Adiabatic information transport in the presence of decoherence

TL;DR

This paper investigates adiabatic quantum transport's robustness against decoherence, revealing that while population transfer remains stable, spatial superpositions are highly fragile under realistic noise conditions.

Contribution

It models the effects of both Markovian and non-Markovian decoherence on adiabatic quantum transport, highlighting the differential robustness of population versus superposition transport.

Findings

Decoherence rate plateaus with increasing spatial separation.

Population transport remains robust despite noise.

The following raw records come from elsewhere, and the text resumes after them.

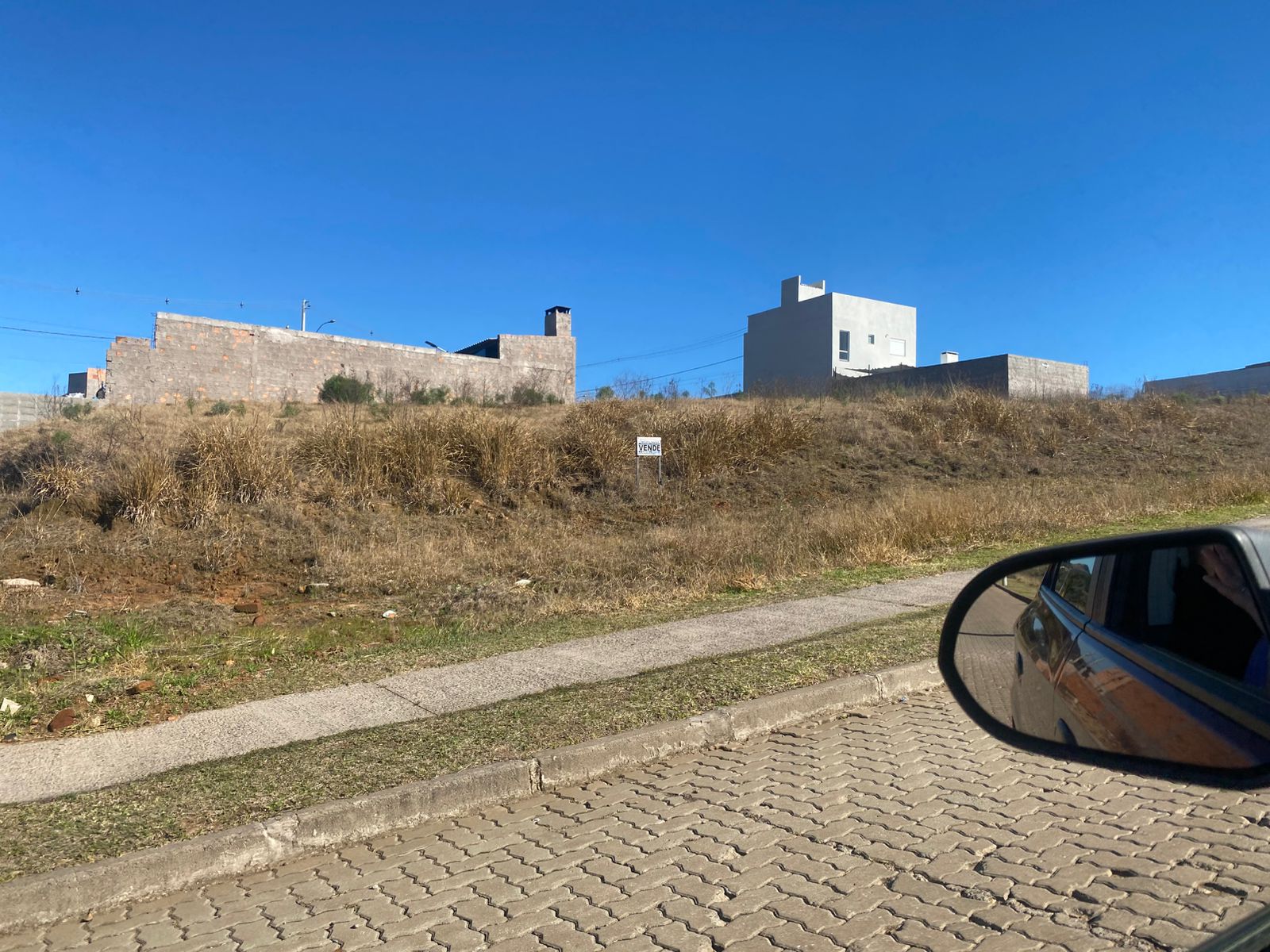 Terreno no Loteamento Mirante del Bosque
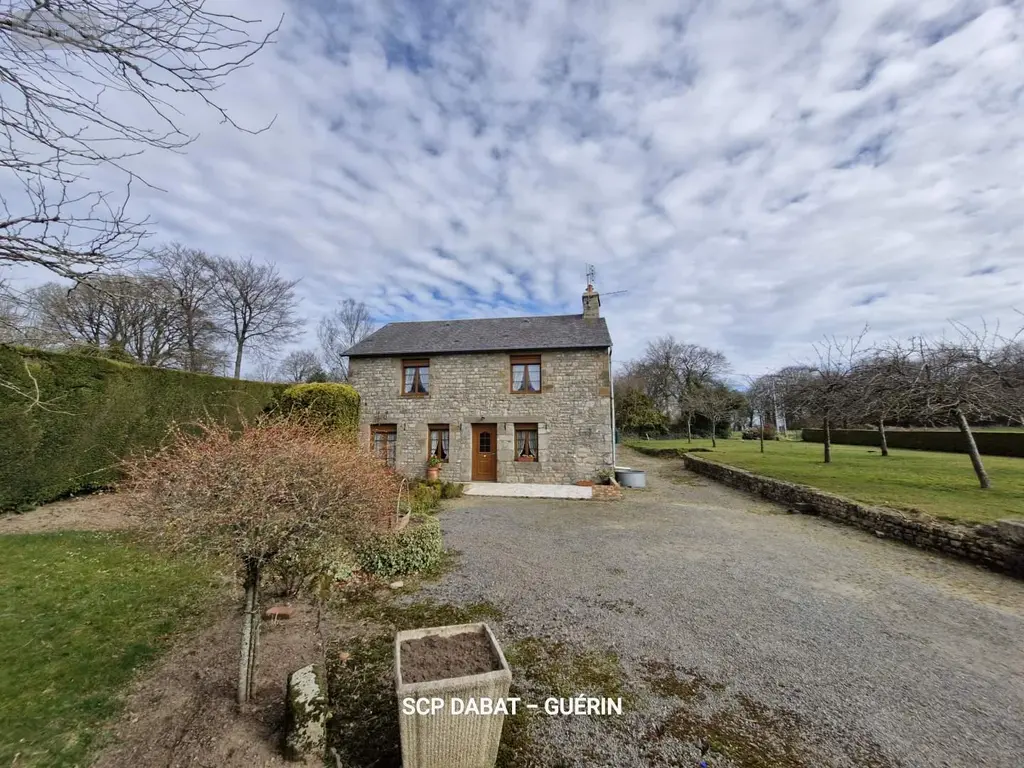 Maison a vendre Sourdeval 50150 Manche 50 91 m2 4 pièces 131750 euros 8373 008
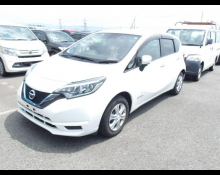 Nissan Note 2018
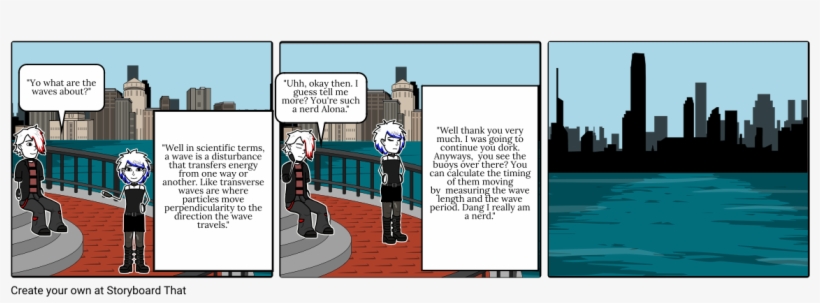 Waves - Cartoon, transparent png #5430718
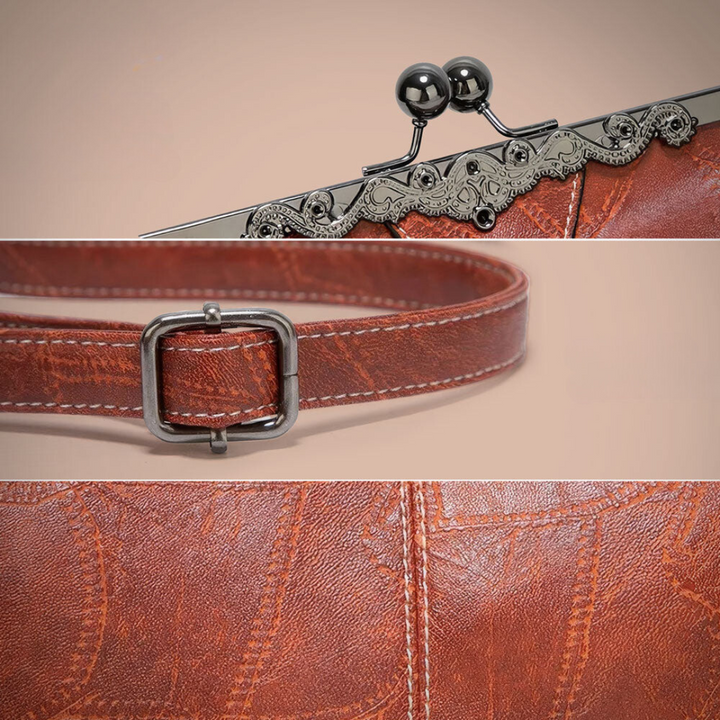 Loorelei - Elegante Bolso Vintage Con Un Encanto Atemporal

Spatial superpositions are highly fragile under decoherence.

Abstract

We study adiabatic population transfer between discrete positions. Being closely related to STIRAP in optical systems, this transport is coherent and robust against variations of experimental parameters. Thanks to these properties the scheme is a promising candidate for transport of quantum information in quantum computing. We study the effects of spatially registered noise sources on the quantum transport and in particular model Markovian decoherence via non-local coupling to nearby quantum point contacts which serve as information readouts. We find that the rate of decoherence experienced by a spatial superposition initially grows with spatial separation but surprisingly then plateaus. In addition we include non-Markovian effects due to couplings to nearby two level systems and we find that although the population transport exhibits robustness in the presence of both types of noise sources, the transport of a spatial superposition exhibits severe fragility.